In der DDR waren die Filmschaffenden in den 1950ern auf die Prinzipien des »Sozialistischen Realismus« und den Kampf gegen »Formalismus« und »kleinbürgerliche Tendenzen« eingeschworen worden, was die Zuschauer zunehmend aus den Kinos trieb und den Ruf der DEFA nachhaltig beschädigte. Nach dem Bau der Mauer hoffte eine neue Generation Filmschaffender aus Filmhochschule und DEFA-Nachwuchsstudio auf die Möglichkeit, sich solidarisch-kritisch mit den Problemen der ökonomischen und sozialen Entwicklung des Landes beschäftigen zu können. Gefördert durch undogmatische Kultur-Funktionäre entstanden zunehmend mutigere Gegenwartsfilme, deren Produktion jedoch mit dem »Kahlschlag« des 11. Plenums des ZK der SED im Dezember 1965 ein abruptes Ende fand.
Cinefest 2012 verfolgt die Entwicklung der jungen DEFA-Regisseure wie Frank Beyer, Ralf Kirsten und Konrad Wolf, die die Filmhochschulen in Babelsberg, Prag und Moskau absolviert hatten oder wie der gelernte Kameramann Joachim Hasler und der Autor Egon Günther Erfahrungen im DEFA-Studio gemacht hatten. Ihre Filme nahmen mit unterschiedlichen Mitteln gesellschaftliche und historische Themen ins Visier: JULIA LEBT und BESCHREIBUNG EINES SOMMERS beteiligten sich mit Liebesgeschichten aus der Lebenswelt der Jugend an der Diskussion um die »Sozialistische Moral«, während das Ehe-Dramolett LOTS WEIB von der hohen Scheidungsrate in der DDR inspiriert war. DER GETEILTE HIMMEL verband ästhetisch hoch ambitioniert die Probleme beim Aufbau der neuen Gesellschaft mit der Problematik des geteilten Deutschlands und löste eine Diskussion über »Formalismus« aus. Die Auseinandersetzung mit der NS-Zeit und seinen Folgen stand im Mittelpunkt der sachlich-kühlen Fallstudie DER FALL GLEIWITZ und des hochemotionalen Kriminalfilms CHRONIK EINES MORDES.

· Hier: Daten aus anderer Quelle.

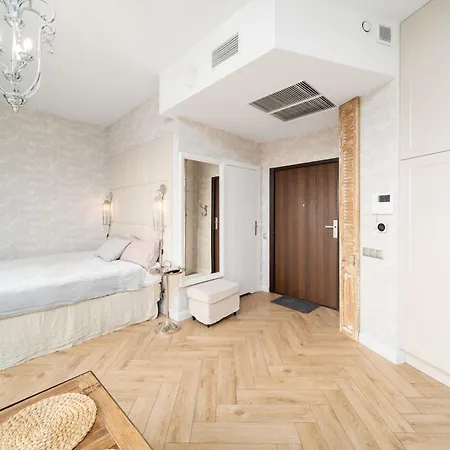 Lägenhet Ans Hanza Tower 17th Floor With View, Swimming Pool Area With Saunas, Viewing Terrace *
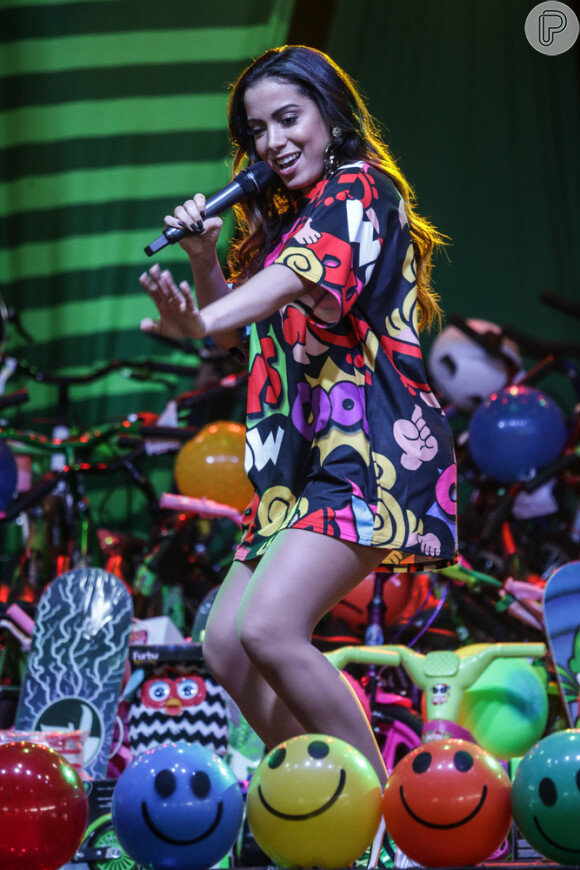 Anitta fez mais um show destinado ao público infantil e se apresentou no Rio de Janeiro nesta segunda, dia 12 de outubro de 2015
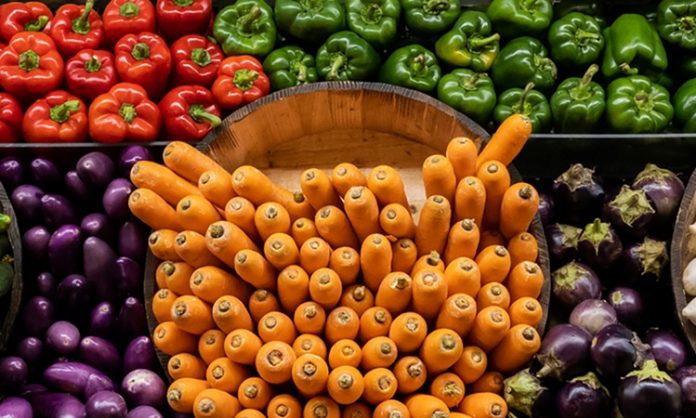 Kış mevsimi, sofralarımıza hem çeşitlilik hem de sağlık katan sebzelerle doludur. Kış sebzeleri, soğuk havaların etkisiyle gelişen dayanıklı yapıları ve zengin besin değerleri sayesinde, özellikle bağışıklık sistemini güçlendirmek isteyenler için ideal seçimlerdir. Kış menülerinde kullanılan bu sebzeler, sadece lezzet açısından değil, aynı zamanda sağlık açısından da birçok fayda sağlar. Konulu bir haber görseli.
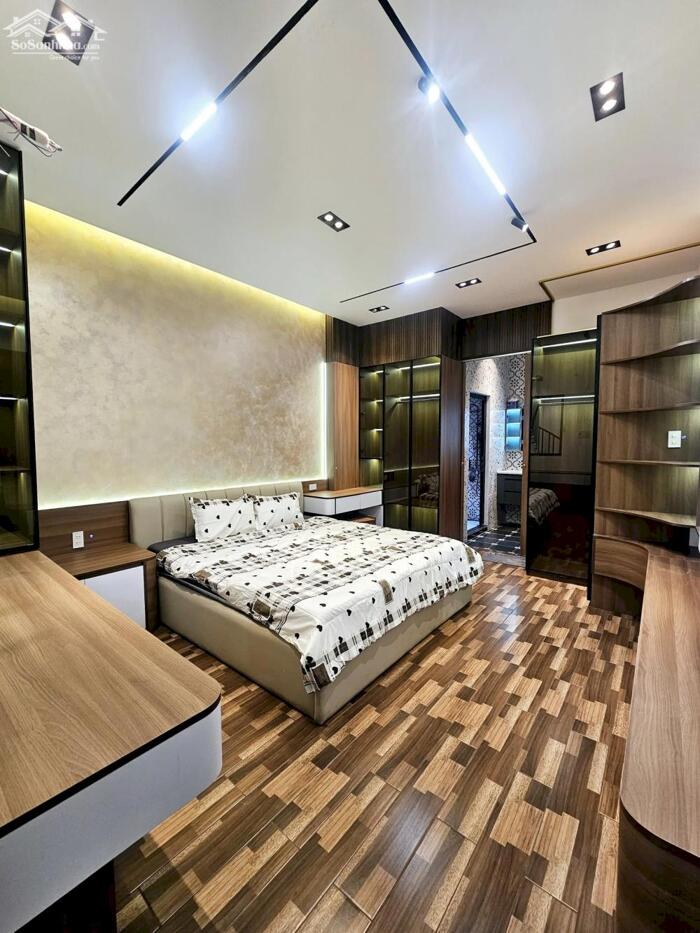 Hình ảnh Bán nhà mặt phố Tôn Đức Thắng 15m2 nhà đẹp vỉa hè rộng kinh doanh tốt 8.3 tỷ 2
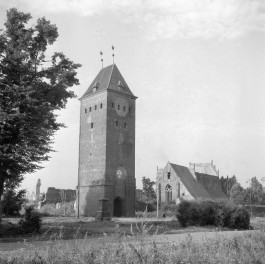 Brama Targowa - widok zewnętrzny, skan 1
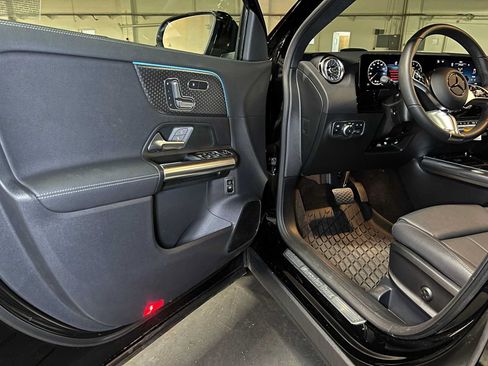 Used 2026 Mercedes-Benz GLA 250 4MATIC image 22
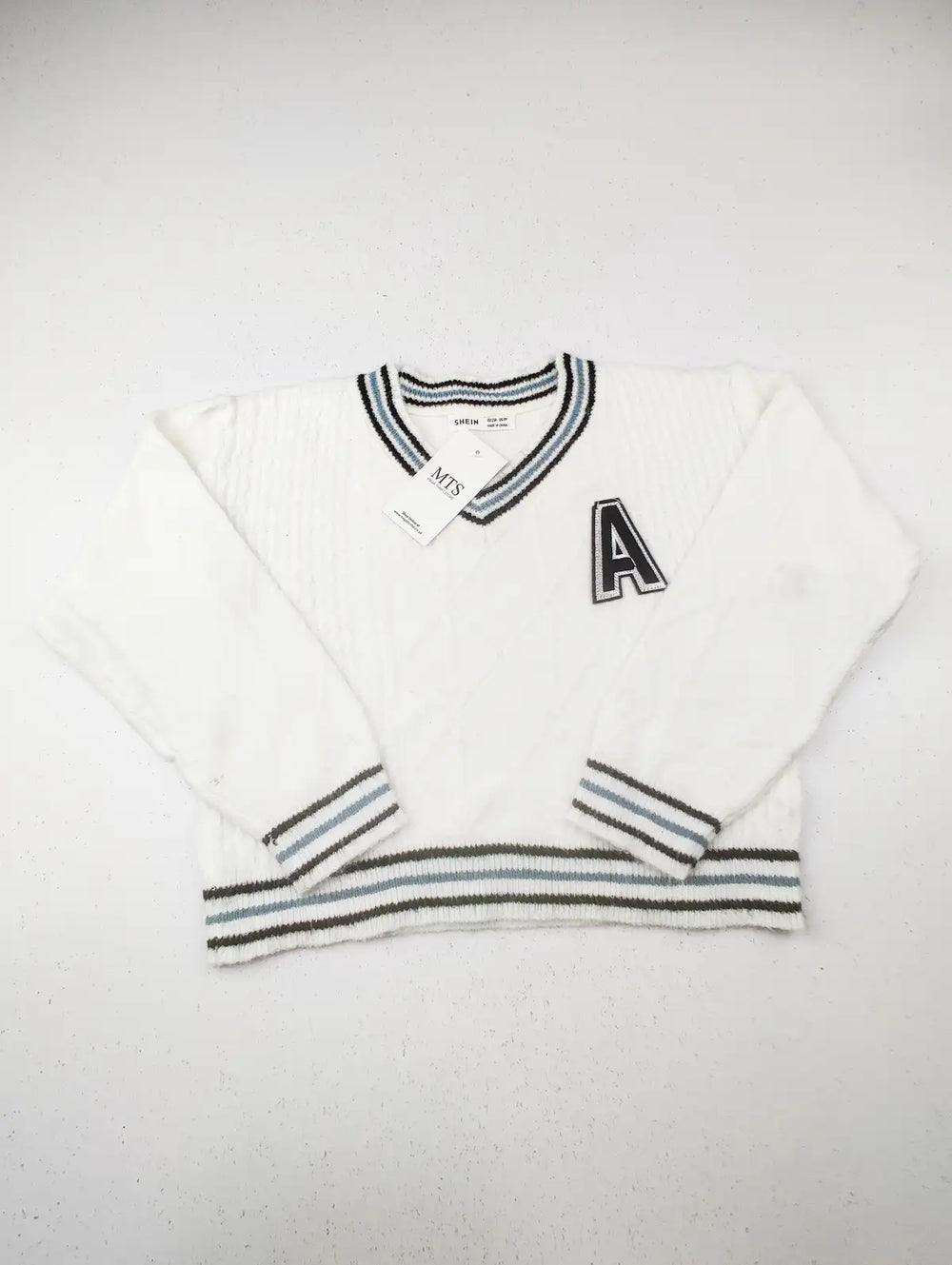 Buy online pre-used pre-loved 100% authentic & Original branded Shein (KWG-6733) available in Pakistan. Top international brands avilable.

Wichtige Impulse erhielt der DEFA-Film in dieser Zeit vor allem von der »Neuen Welle« in der ČSSR, die in den 1960ern ausging von Absolventen der Filmhochschule FAMU (Jiří Menzel, Jan Němec, Evald Schorm, Věra Chytilová, Jaromil Jireš) und Mitte des Jahrzehnts ihren Höhepunkt erreichte. Dabei nahmen auch ältere Regisseure wie František Vláčil und Štefan Uher neue Impulse auf. Es waren nicht nur die Filme aus Prag und Bratislava, die die Filmschaffenden in der DDR durch ihre neuartige Machart und Atmosphäre mit einer starken Betonung des Alltags beeinflussten, sondern auch die Ausbildung an der FAMU und die Mitarbeit tschechischer Kollegen an DEFA-Filmen.

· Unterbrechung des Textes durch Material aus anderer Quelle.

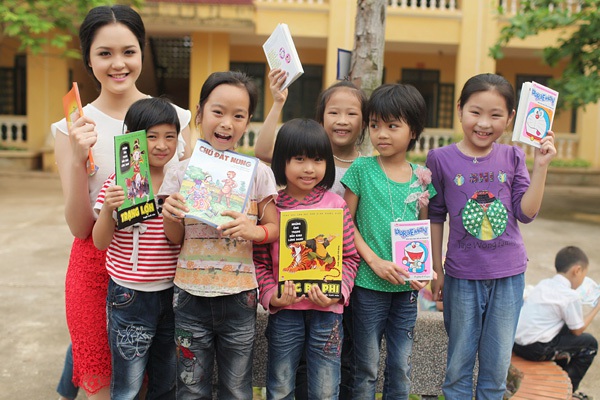 Á hậu Hoàng Anh đi tặng sách cho trẻ em nghèo 10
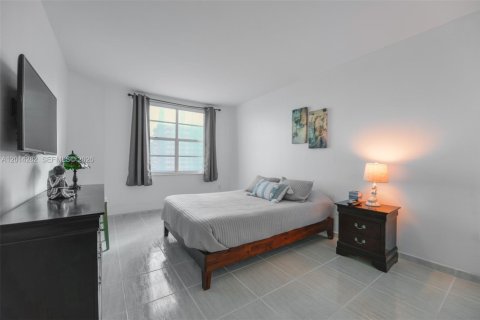 Condo in Hallandale Beach, Florida, 1 bedroom  № 2076405 - photo 14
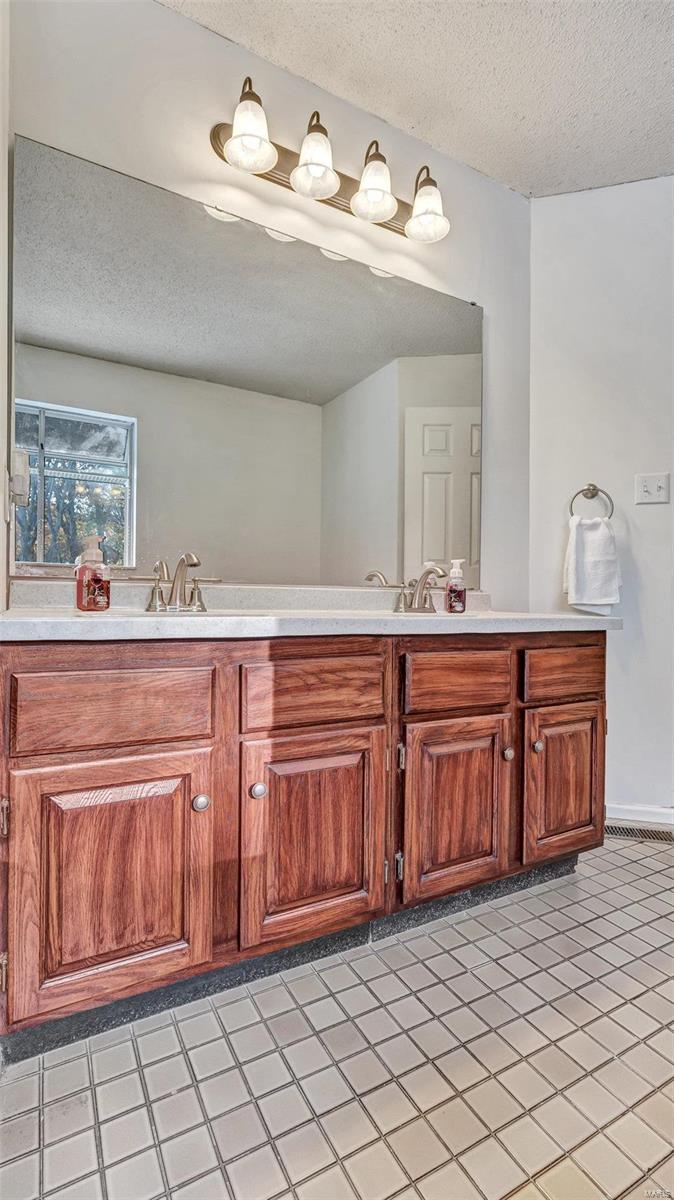 7122 Underoak Road St. Louis, MO 63129 - Photo 24 of 37 Gallery Image 24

Cinefest 2012 betont damit interessante ästhetische und gesellschaftliche Zusammenhänge und Verbindungen auf europäischer Ebene jenseits der üblichen Film-Geschichtsschreibung in einer historischen Übergangsepoche.
Zum Festival erscheint wieder ein umfangreiches Katalogbuch, inkl. einer DVD-Beilage mit Filmen und Dokumenten zum Thema. Erhältlich ab 17.11.2012
Zur Vorbereitung auf Kongress und Festival findet vom 3.-6. Mai 2012 ein internes Sichtungskolloquium in Berlin statt.